- **SOURCE MATERIAL**
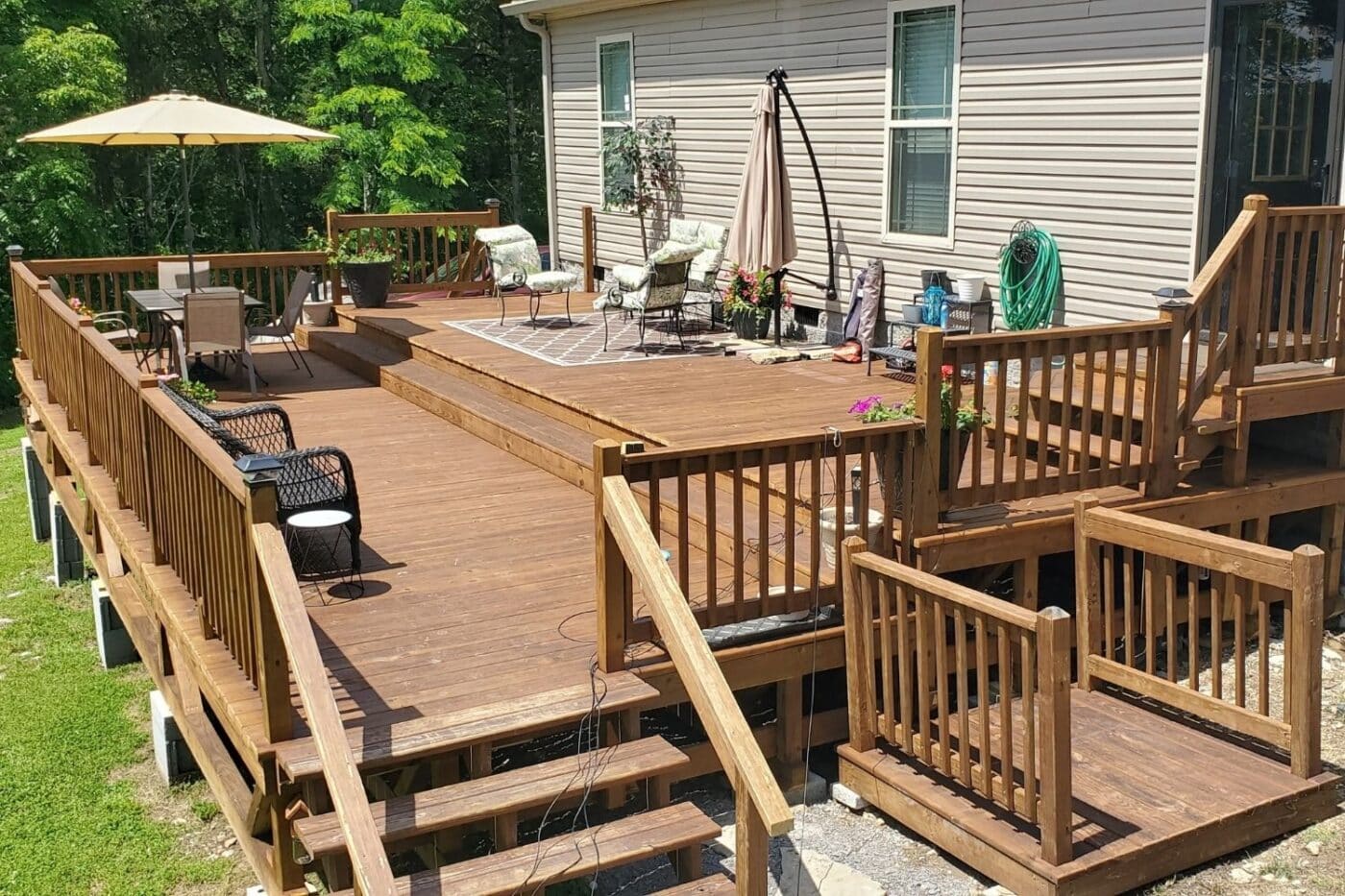 custom deck contractor in TN & KY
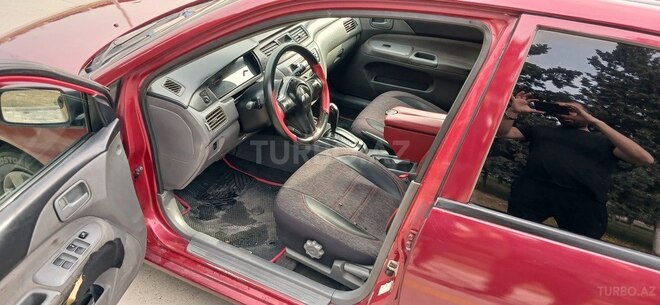 Mitsubishi Lancer 2006, 252,525 km - 1.3 l - Bakı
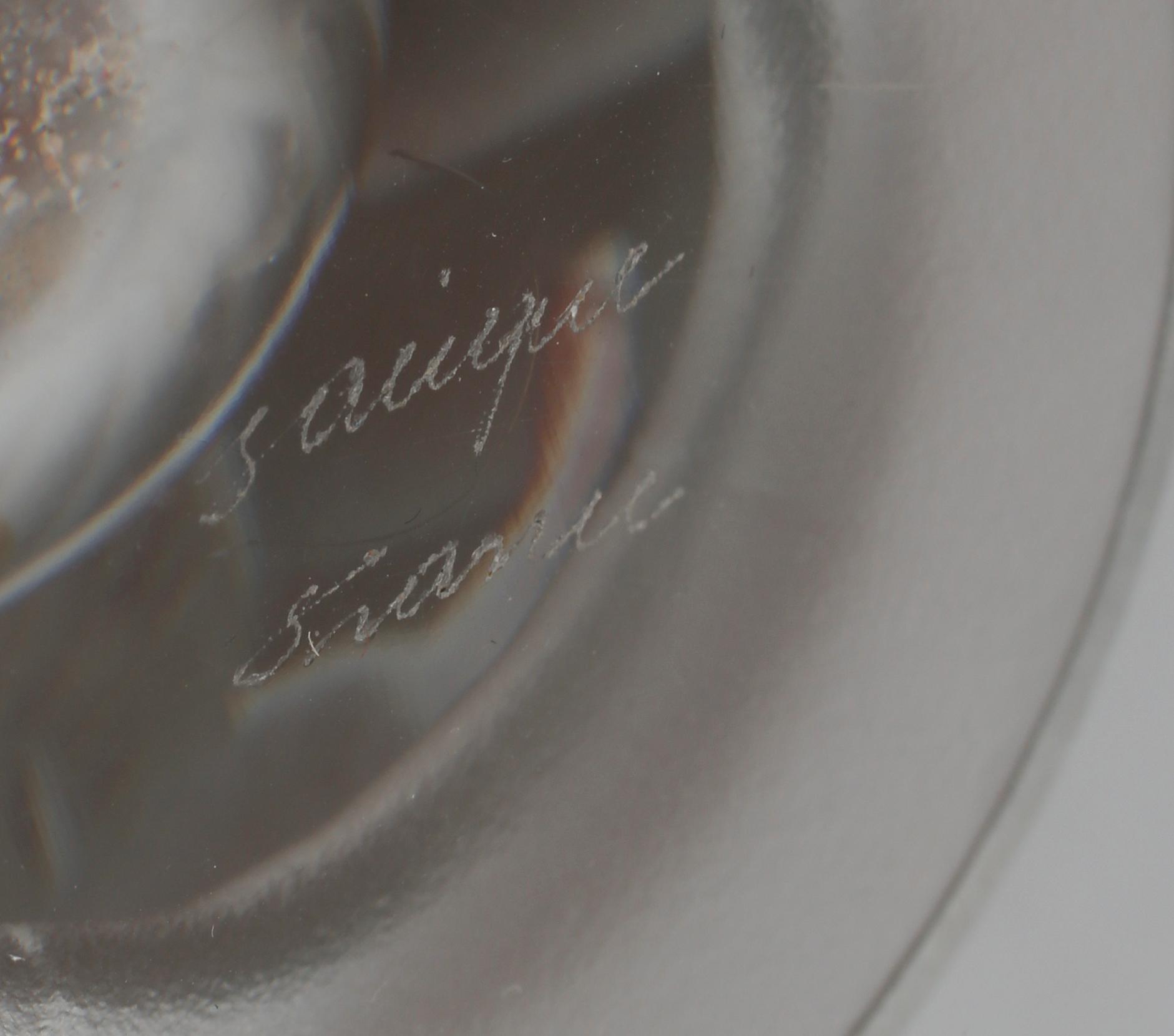 VAS, glas, signerad Lalique, France.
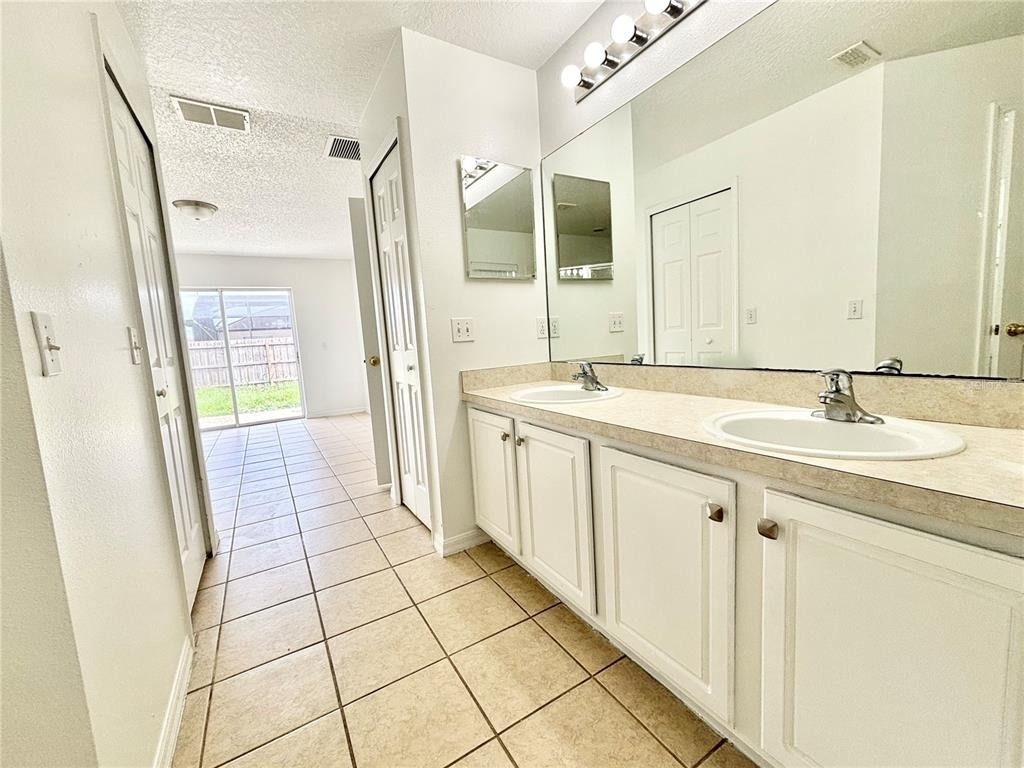 362 Aylesbury Court - Photo 6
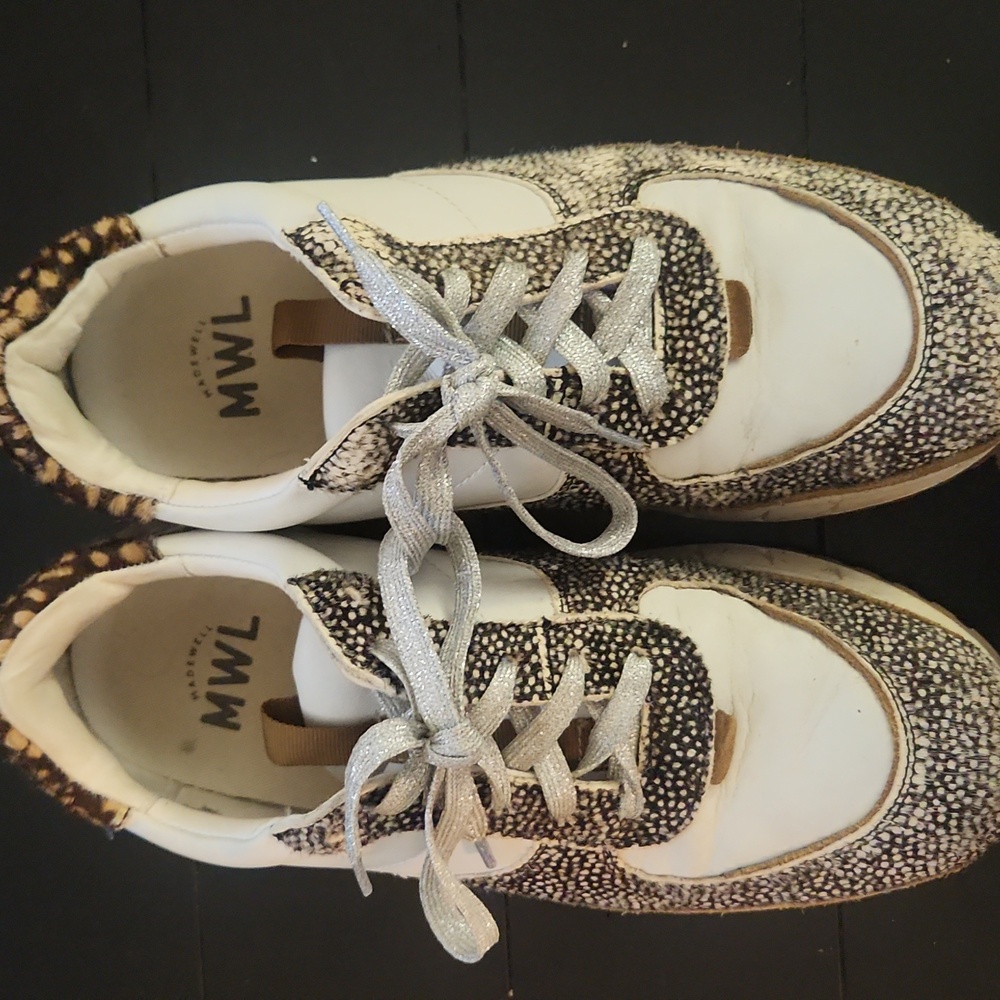 Madewell White and Brown Sneakers with Elegant Gold Design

- **PROBLEM**
What is needed is an exact copy of the entries above, with no images in it.

- **WRITTEN ANSWER**
 custom deck contractor in TN & KY
 Mitsubishi Lancer 2006, 252,525 km - 1.3 l - Bakı
 VAS, glas, signerad Lalique, France.
 362 Aylesbury Court - Photo 6
 Madewell White and Brown Sneakers with Elegant Gold Design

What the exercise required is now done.